Demand Paging and Minor/Major Faults

What This Concept Is

Demand paging means the kernel does not bring a page into physical memory until the process actually touches it. Instead, the page's PTE is marked not-present. On first touch the MMU raises a page fault, the kernel handles it, installs a mapping, and restarts the faulting instruction.

Page faults come in two cost classes:

  • Minor fault (soft fault): the page is already in memory; the PTE just needs to be installed.
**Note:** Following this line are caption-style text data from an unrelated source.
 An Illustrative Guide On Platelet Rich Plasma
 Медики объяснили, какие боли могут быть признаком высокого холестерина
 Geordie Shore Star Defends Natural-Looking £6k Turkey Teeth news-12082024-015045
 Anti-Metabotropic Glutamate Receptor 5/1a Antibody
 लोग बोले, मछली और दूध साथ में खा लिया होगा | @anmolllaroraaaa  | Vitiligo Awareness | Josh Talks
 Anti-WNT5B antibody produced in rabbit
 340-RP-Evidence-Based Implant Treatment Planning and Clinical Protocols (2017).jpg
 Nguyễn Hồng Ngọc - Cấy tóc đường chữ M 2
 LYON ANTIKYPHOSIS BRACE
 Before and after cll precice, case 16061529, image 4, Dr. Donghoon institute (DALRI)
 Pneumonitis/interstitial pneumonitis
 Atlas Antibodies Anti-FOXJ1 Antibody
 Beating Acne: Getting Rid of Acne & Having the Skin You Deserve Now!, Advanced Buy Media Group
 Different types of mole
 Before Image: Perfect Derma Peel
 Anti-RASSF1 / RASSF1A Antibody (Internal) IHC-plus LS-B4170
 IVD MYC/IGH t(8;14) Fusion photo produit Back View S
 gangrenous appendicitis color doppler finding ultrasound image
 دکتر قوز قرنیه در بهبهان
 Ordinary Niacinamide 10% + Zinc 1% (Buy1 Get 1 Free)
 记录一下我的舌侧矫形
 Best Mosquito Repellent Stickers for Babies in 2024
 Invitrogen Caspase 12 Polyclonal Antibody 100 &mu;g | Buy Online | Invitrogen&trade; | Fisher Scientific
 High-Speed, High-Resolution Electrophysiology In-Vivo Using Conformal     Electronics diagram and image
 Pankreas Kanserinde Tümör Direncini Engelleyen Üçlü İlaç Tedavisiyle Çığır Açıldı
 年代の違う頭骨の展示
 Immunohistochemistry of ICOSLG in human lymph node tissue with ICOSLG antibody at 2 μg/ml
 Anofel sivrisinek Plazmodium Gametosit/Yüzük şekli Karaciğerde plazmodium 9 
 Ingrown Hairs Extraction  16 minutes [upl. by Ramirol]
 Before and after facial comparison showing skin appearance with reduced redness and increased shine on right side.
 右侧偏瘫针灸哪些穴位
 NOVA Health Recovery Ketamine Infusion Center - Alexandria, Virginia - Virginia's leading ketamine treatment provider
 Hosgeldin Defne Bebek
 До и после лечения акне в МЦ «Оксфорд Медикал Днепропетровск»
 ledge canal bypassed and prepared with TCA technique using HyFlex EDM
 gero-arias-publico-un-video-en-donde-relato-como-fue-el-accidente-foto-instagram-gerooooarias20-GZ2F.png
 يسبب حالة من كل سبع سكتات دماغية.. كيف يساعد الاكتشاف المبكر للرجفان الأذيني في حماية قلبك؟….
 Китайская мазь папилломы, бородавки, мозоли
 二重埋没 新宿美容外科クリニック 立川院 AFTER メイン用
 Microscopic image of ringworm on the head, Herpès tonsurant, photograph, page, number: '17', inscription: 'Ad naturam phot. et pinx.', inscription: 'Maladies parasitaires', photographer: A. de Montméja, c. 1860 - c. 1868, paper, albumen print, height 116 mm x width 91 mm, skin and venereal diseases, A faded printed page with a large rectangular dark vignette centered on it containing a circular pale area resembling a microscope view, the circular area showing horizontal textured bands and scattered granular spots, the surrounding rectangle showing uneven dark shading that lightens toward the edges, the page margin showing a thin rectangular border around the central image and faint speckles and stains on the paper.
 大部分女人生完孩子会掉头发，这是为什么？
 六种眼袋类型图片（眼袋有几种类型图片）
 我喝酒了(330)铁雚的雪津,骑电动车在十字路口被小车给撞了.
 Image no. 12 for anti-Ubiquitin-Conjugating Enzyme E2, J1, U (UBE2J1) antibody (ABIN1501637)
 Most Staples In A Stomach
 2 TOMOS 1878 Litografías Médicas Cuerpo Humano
Common cases: first touch of a fresh anonymous mapping, a page already in the page cache for a file-backed mapping, or a CoW fault where a new page is allocated and quickly populated.
  • Major fault (hard fault): the page is not in memory and has to be read from disk (swap or backing file). Cost: orders of magnitude higher, typically milliseconds on spinning disk, microseconds on SSD, versus microseconds-or-less for a minor fault.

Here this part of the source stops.